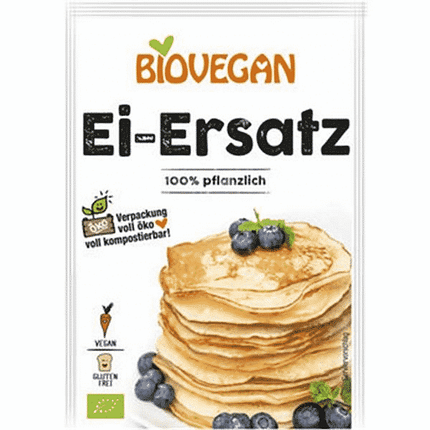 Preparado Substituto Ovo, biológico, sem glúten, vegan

═══

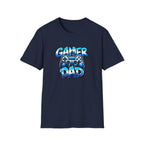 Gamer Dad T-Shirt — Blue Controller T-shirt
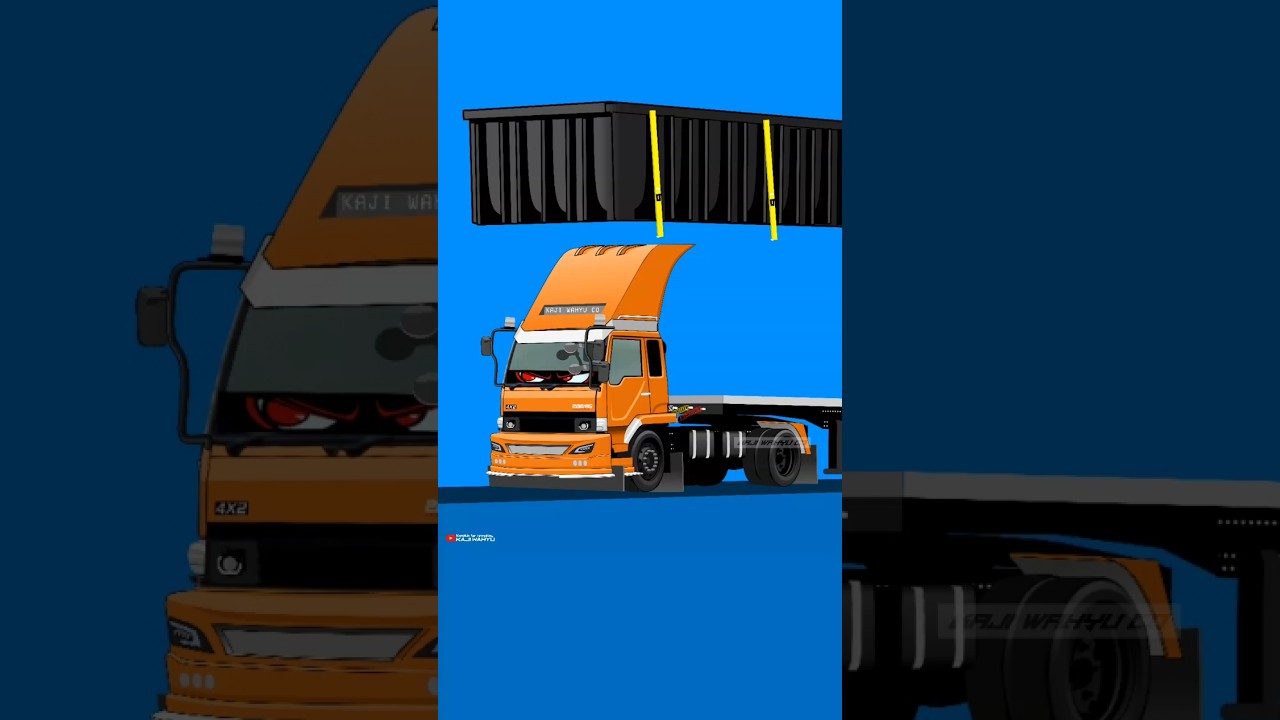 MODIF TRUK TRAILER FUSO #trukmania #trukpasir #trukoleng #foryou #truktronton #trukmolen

═══

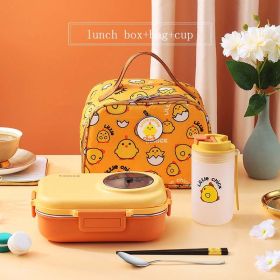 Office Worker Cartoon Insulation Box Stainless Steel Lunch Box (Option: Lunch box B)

═══

**EXERCISE DESCRIPTION:**
Above are records; repeat only the lines from the line with "Gamer Dad T-Shirt — Blue Controller T-shirt" through the line with "MODIF TRUK TRAILER", and leave pictures out.

**ANSWER SPACE:**
 Gamer Dad T-Shirt — Blue Controller T-shirt
 MODIF TRUK TRAILER FUSO #trukmania #trukpasir #trukoleng #foryou #truktronton #trukmolen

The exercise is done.